A population-based cross-sectional study was performed. Presenting visual acuity (PVA) was measured using the Rapid Assessment of Avoidable Blindness (RAAB) methodology. All VI cases were defined using the WHO definition, based on the PVA of the better-seeing eye. Details on history of cataract surgery and barriers to cataract surgery were also obtained using a standardised questionnaire.

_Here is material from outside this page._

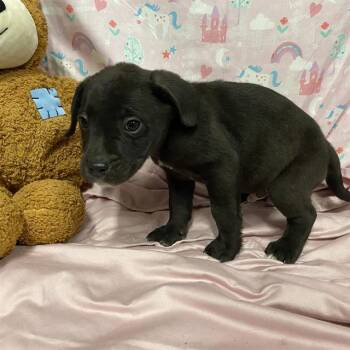 JET -  Labrador Retriever Dog for Adoption in Modesto, California - JET | PetCurious
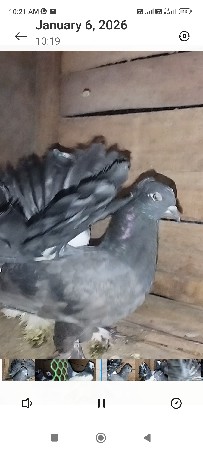 थंबनेल 3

Of 4500 eligible individuals, 3985 (88.6% response rate) were examined. The age-standardised prevalence of moderate VI (PVA <6/18 to ≥6/60) was 5.4% (95% CI 4.6% to 6.3%), and severe VI (PVA <6/60 to ≥3/60) was 0.9% (95% CI 0.6% to 1.3%). The age-standardised prevalence of blindness (PVA <3/60) was 1.2% (95% CI 0.8% to 1.6%). Uncorrected refractive error (40.1%) and cataract (37.9%) were the leading causes of overall VI. Cataract (34.9%) was the leading cause of blindness. Among individuals with blindness, cataract surgical coverage was 80.7%. Among individuals with blindness due to cataract, the main barriers to cataract surgery were lack of awareness (38.1%).
The age-standardised prevalence rate of blindness in Hohhot was lower compared with other RAAB studies in China. Cataract was the leading cause of blindness. These findings provide useful information for the planning of public healthcare services in Inner Mongolia.
本研究旨在确定呼和浩特市≥50 岁人群的视力损害(VI)患病率和病因,并描述白内障手术覆盖率及其相关障碍的特征。
本研究采用基于人群的横断面研究设计。采用快速性盲评估(RAAB)方法对受检者的最佳矫正视力(PVA)进行测量。根据更好眼的 PVA 值,采用世界卫生组织(WHO)定义来定义所有 VI 病例。还使用标准化问卷获取白内障手术史和白内障手术障碍的详细信息。
在 4500 名符合条件的个体中,有 3985 名(88.6%的应答率)接受了检查。经年龄标准化后,中度 VI(PVA <6/18 至≥6/60)的患病率为 5.4%(95%可信区间:4.6%至 6.3%),重度 VI(PVA <6/60 至≥3/60)的患病率为 0.9%(95%可信区间:0.6%至 1.3%)。经年龄标准化后,失明(PVA <3/60)的患病率为 1.2%(95%可信区间:0.8%至 1.6%)。未矫正屈光不正(40.1%)和白内障(37.9%)是 VI 总体发病的主要原因。白内障(34.9%)是失明的主要原因。在失明患者中,白内障手术覆盖率为 80.7%。在白内障致盲患者中,白内障手术的主要障碍是缺乏意识(38.1%)。
与中国其他 RAAB 研究相比,呼和浩特市经年龄标准化后的失明患病率较低。白内障是导致失明的主要原因。这些发现为内蒙古公共医疗服务规划提供了有用的信息。